Department of Mathematics, University of Siegen, Walter-Flex-Str. 3, Siegen, Germany.
BMC Med Res Methodol. 2022 Feb 27;22(1):58. doi: 10.1186/s12874-021-01473-w.
Causal inference has seen an increasing popularity in medical research. Estimation of causal effects from observational data allows to draw conclusions from data when randomized controlled trials cannot be conducted. Although the identification of structural causal models (SCM) and the calculation of structural coefficients has received much attention, a key requirement for valid causal inference is that conclusions are drawn based on the true data-generating model.

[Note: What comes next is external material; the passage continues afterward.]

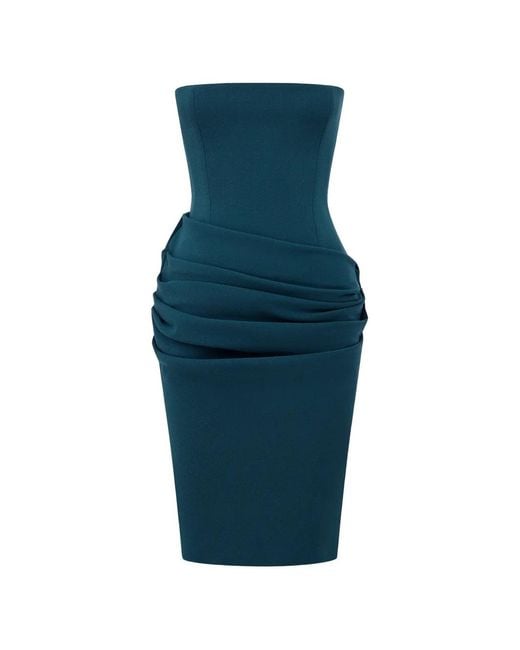 Alex Perry Blue Strapless Draped Midi Dress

It remains widely unknown how large the probability is to reject the true structural causal model when observational data from it is sampled. The latter probability - the causal false-positive risk - is crucial, as rejection of the true causal model can induce bias in the estimation of causal effects. In this paper, the widely used causal models of confounders and colliders are studied regarding their causal false-positive risk in linear Markovian models. A simulation study is carried out which investigates the causal false-positive risk in Gaussian linear Markovian models. Therefore, the testable implications of the DAG corresponding to confounders and colliders are analyzed from a Bayesian perspective. Furthermore, the induced bias in estimating the structural coefficients and causal effects is studied.
Results show that the false-positive risk of rejecting a true SCM of even simple building blocks like confounders and colliders is substantial. Importantly, estimation of average, direct and indirect causal effects can become strongly biased if a true model is rejected. The causal false-positive risk may thus serve as an indicator or proxy for the induced bias.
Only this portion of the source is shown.